[Web page caption snippets]
^^^^^^^^^^^^^^^^

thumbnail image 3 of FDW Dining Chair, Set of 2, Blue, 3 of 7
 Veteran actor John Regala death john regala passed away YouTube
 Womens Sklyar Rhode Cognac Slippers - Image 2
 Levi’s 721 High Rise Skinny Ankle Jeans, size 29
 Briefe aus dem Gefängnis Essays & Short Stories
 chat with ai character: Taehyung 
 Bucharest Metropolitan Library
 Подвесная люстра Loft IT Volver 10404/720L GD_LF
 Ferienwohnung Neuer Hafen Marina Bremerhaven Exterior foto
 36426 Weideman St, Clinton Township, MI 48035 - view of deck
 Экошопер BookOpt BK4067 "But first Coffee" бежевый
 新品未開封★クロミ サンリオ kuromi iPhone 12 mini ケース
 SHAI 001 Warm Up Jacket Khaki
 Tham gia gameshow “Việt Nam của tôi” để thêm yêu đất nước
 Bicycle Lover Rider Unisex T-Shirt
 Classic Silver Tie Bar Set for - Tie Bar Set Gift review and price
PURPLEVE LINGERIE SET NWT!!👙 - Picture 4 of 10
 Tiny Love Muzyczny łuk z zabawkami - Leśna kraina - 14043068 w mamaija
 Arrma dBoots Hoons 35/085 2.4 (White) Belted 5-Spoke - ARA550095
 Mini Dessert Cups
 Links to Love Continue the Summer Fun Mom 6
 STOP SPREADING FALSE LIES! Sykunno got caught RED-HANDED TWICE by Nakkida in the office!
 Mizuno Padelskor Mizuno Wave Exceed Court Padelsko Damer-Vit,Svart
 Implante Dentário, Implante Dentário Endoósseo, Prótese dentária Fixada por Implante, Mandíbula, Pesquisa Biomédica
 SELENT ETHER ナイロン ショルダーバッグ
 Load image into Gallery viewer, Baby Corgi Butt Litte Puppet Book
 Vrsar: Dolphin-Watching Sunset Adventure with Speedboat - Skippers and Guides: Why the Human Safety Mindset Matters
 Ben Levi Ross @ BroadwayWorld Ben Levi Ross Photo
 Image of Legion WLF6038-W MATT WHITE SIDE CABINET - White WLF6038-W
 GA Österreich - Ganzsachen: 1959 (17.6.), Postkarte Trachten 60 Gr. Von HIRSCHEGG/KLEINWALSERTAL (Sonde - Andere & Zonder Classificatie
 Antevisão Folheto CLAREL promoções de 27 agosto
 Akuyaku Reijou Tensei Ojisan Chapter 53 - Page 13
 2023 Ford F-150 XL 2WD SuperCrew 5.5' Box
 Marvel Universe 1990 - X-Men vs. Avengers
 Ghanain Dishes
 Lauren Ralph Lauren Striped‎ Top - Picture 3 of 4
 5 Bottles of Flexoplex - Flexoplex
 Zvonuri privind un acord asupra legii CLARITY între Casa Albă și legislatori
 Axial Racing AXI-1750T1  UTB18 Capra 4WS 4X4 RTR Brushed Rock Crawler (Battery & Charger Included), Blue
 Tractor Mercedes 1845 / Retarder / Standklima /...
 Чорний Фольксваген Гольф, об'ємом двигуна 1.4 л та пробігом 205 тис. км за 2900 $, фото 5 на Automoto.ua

^^^^^^^^^^^^^^^^

(What the task requires): Filter the data above by the word "Picture" and copy every line that matches.

(The completed task):
PURPLEVE LINGERIE SET NWT!!👙 - Picture 4 of 10
 Lauren Ralph Lauren Striped‎ Top - Picture 3 of 4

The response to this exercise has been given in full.